Herausgekommen ist eine erhellende musikalische Einführung in die afroperuanischen Sounds. Von Muñoz beschwörend kommentiert und durch Müller mit Synthie-Hall versehen, wird gleich zu Beginn in „Intro Kijada“ das geheimnisvolle Rasseln und Kratzen der Quijada vorgestellt. Solches löst dann ein auf der dezidierten Perkussion des Cajón gemächlich daherschreitender Landó - eine zentrale afroperuanische Musikform - ab, der sich synkopiert einer kubanischen Guajira mit der Gemächlichkeit eines Boleros annähert. Lebhafter und rhythmisch auch auf den Cajones basierend dann der hypnotisch wirkende Festejo „Quema!“ (Brenne!), ein Tanz, in welchem Mann und Frau gegenseitig versuchen, einen an ihrem verlängerten Rücken baumelnden Stofffetzen zu entzünden. Das Set mündet auf „S.O.S.“ und „Lima-Paris“ in technoiden Dub/Landó respektive Festejo mit gerappten Teilen.
Typisch ist, dass hier eine lateinamerikanische Afroszene erst durch Aussenstehende einer breitere Öffentlichkeit näher gebracht wird. Im Falle des Projektes Novalima handelt es sich um vier Söhne von Intellektuellen und Künstlern aus Lima, die sich vor über fünf Jahren mit der afroperuanischen Szene zu beschäftigen begannen.
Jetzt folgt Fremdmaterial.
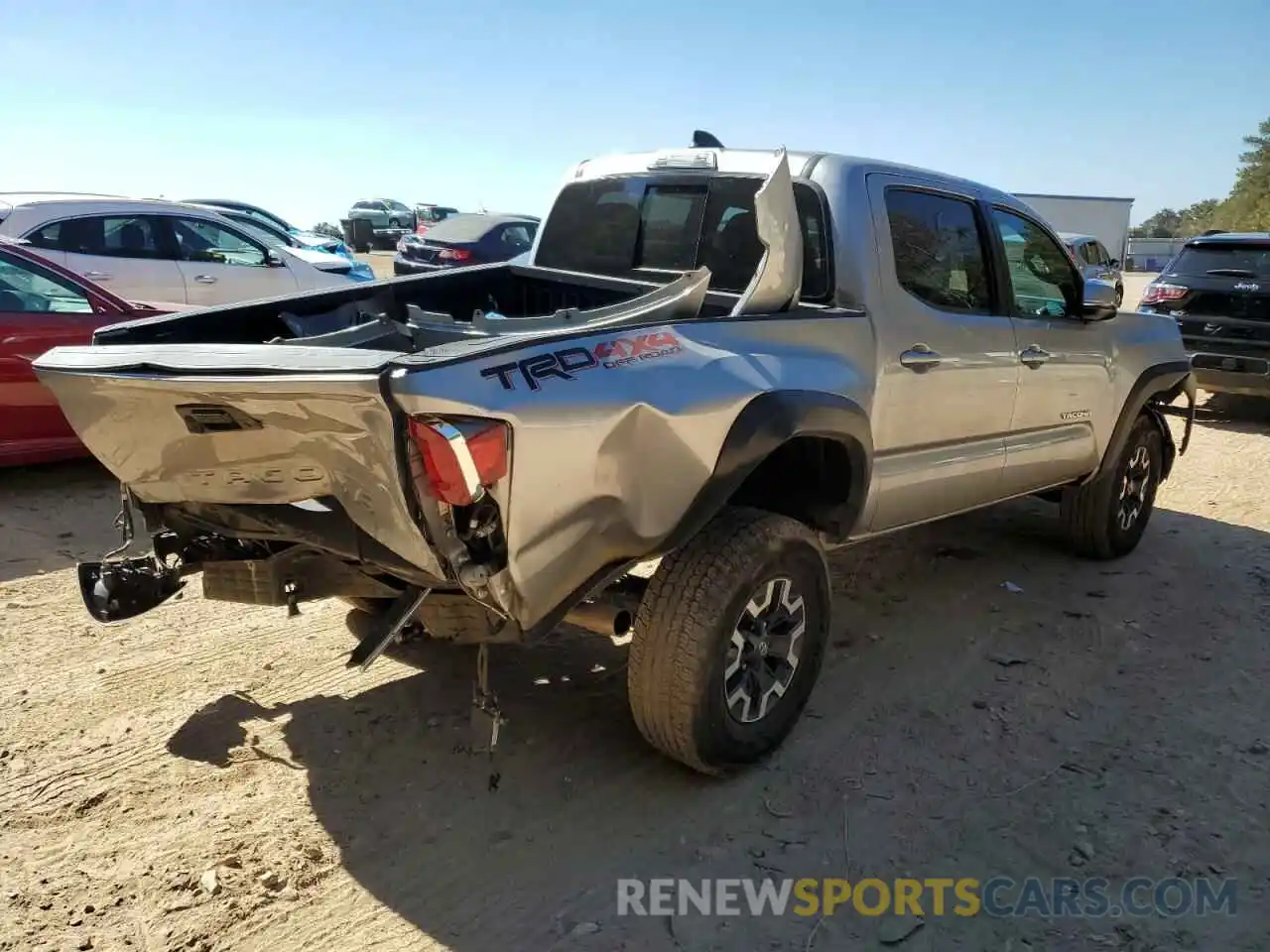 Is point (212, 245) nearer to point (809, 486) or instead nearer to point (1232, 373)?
point (809, 486)

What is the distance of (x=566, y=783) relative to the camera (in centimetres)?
335

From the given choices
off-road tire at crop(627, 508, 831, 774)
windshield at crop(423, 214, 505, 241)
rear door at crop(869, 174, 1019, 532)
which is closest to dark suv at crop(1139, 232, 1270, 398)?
rear door at crop(869, 174, 1019, 532)

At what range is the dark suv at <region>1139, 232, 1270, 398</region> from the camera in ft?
30.6

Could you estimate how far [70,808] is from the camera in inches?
123

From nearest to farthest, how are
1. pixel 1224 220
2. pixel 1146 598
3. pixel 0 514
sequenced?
pixel 1146 598
pixel 0 514
pixel 1224 220

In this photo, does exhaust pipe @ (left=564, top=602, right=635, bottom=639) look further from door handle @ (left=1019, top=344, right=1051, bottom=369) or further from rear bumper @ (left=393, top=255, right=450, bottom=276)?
rear bumper @ (left=393, top=255, right=450, bottom=276)

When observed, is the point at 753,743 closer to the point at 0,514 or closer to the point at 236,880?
the point at 236,880

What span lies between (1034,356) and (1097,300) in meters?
0.48

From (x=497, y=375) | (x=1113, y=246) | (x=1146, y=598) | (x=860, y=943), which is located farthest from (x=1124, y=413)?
(x=1113, y=246)

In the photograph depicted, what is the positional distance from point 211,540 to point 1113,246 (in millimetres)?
38926

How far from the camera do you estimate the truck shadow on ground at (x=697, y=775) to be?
2.86m

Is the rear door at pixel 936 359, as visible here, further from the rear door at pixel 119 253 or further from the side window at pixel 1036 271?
the rear door at pixel 119 253

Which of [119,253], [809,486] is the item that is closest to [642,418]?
[809,486]

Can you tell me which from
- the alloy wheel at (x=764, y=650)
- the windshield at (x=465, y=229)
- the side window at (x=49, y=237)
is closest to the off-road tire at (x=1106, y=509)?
the alloy wheel at (x=764, y=650) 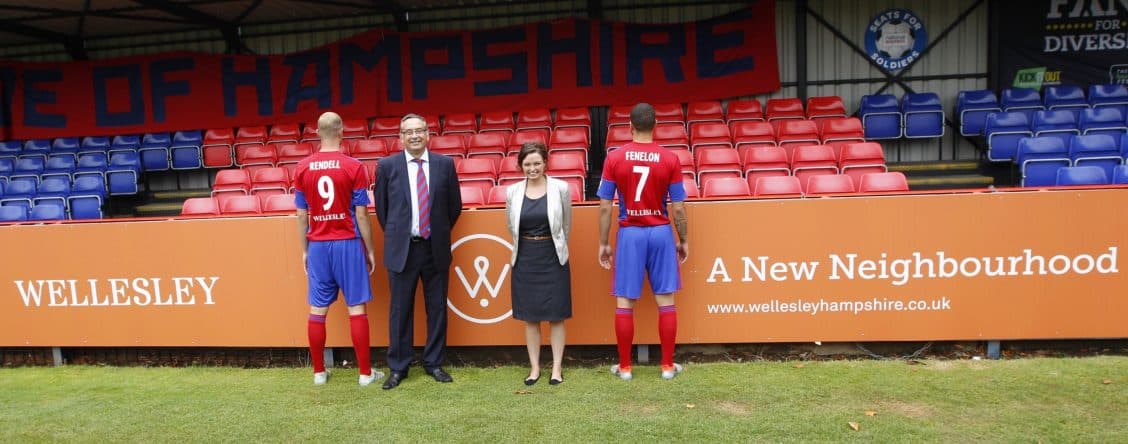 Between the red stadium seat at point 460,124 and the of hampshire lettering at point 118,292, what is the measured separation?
6.46 meters

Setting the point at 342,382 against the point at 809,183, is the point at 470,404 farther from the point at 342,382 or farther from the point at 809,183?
the point at 809,183

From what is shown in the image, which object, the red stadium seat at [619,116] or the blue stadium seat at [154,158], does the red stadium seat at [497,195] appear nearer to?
the red stadium seat at [619,116]

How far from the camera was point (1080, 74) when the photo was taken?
435 inches

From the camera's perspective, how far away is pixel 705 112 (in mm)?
10812

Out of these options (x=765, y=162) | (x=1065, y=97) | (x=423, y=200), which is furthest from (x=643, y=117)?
(x=1065, y=97)

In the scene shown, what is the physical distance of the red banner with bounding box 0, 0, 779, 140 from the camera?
11281mm

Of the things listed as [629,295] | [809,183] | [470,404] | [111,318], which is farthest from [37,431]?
[809,183]

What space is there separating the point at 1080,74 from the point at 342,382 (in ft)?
41.2

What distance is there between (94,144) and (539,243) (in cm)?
1199

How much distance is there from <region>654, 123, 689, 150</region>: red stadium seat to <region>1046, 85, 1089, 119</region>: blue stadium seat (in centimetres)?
590

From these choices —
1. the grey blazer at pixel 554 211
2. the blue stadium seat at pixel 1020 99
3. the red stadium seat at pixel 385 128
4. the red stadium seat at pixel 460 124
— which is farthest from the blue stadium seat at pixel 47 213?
the blue stadium seat at pixel 1020 99

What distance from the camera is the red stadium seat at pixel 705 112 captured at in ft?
35.0

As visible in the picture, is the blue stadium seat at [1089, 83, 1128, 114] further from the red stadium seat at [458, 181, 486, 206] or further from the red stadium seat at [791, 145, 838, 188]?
the red stadium seat at [458, 181, 486, 206]

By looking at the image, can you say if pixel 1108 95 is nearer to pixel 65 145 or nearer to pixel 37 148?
pixel 65 145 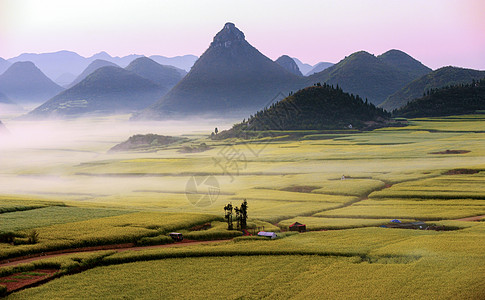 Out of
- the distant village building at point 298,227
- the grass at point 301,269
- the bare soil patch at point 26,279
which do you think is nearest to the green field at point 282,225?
the grass at point 301,269

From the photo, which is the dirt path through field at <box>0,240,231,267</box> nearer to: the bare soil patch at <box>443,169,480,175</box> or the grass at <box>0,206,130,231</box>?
the grass at <box>0,206,130,231</box>

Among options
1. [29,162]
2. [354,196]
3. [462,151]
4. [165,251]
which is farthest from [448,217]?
[29,162]

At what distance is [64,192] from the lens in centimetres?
11544

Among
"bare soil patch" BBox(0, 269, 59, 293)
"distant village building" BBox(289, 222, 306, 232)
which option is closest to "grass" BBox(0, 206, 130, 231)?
"bare soil patch" BBox(0, 269, 59, 293)

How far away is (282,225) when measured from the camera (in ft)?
219

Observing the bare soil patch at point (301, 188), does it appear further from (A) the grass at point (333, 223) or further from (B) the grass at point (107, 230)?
(B) the grass at point (107, 230)

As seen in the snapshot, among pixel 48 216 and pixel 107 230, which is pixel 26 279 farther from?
pixel 48 216

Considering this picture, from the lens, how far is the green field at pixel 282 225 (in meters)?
41.0

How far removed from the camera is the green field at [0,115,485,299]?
41.0 meters

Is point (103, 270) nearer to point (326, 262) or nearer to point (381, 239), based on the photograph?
point (326, 262)

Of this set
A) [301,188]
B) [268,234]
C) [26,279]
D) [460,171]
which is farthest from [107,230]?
[460,171]

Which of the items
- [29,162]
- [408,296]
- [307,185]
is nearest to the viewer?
[408,296]

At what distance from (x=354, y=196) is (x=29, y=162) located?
15290 centimetres

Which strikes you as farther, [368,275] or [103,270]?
[103,270] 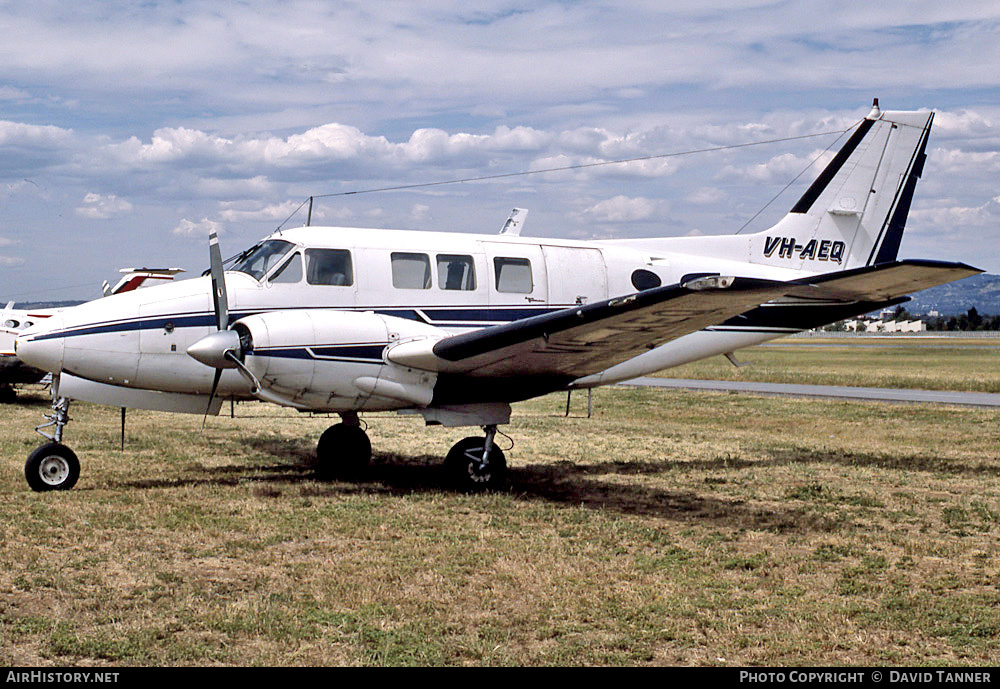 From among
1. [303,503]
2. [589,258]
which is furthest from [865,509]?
[303,503]

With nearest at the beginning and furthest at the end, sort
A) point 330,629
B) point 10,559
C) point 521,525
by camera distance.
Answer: point 330,629, point 10,559, point 521,525

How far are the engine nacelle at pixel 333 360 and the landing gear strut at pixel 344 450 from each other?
211 cm

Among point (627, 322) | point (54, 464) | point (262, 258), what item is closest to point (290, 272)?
point (262, 258)

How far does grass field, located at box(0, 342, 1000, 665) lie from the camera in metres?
6.03

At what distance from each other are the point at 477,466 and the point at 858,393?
20094mm

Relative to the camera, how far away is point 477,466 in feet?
38.9

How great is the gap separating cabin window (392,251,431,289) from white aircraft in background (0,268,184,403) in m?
10.3

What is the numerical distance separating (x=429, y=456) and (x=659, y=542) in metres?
6.88

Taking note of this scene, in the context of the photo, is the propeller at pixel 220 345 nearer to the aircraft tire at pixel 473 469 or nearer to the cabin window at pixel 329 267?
the cabin window at pixel 329 267

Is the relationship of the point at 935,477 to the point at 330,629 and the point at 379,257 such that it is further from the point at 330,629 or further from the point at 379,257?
the point at 330,629

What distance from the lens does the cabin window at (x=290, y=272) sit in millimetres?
11742

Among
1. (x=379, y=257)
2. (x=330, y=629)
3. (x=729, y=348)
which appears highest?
(x=379, y=257)

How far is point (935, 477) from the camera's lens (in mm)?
13312

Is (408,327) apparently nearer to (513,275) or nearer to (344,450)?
(513,275)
Eine erste CD, die mit versierten Afroperuanern aufgenommen wurde, kam 2005 heraus und sorgte für Aufsehen, das zweite Set „Coba Coba“ erschien kürzlich.
Novalima präsentieren natürlich musikalisch ähnliche Sounds wie Muñoz/Müller. „Coba Coba“ beginnt mit einer bewegten Marinera, einer neben dem Landó ebenfalls wichtigen Form afroperuanischer Musik, der Cajón-Perkussion antworten Bläserwände mit markanten Melodiekürzeln. „Se Me Van“ wiederum basiert auf den in ganz Lateinamerika präsenten Salsa-Strukturen, während an anderen Stellen sowohl Reggae- als auch Dub-Einflüsse zur Geltung kommen. Fazit: afroperuanische Sounds haben zwar charakteristische Merkmale, sind jedoch gleichzeitig offen für alle möglichen kreativen Erweiterungen, da es sich dabei nie um determinierte modische Trends handelt, sondern um lebendige und bis dato praktizierte Musik.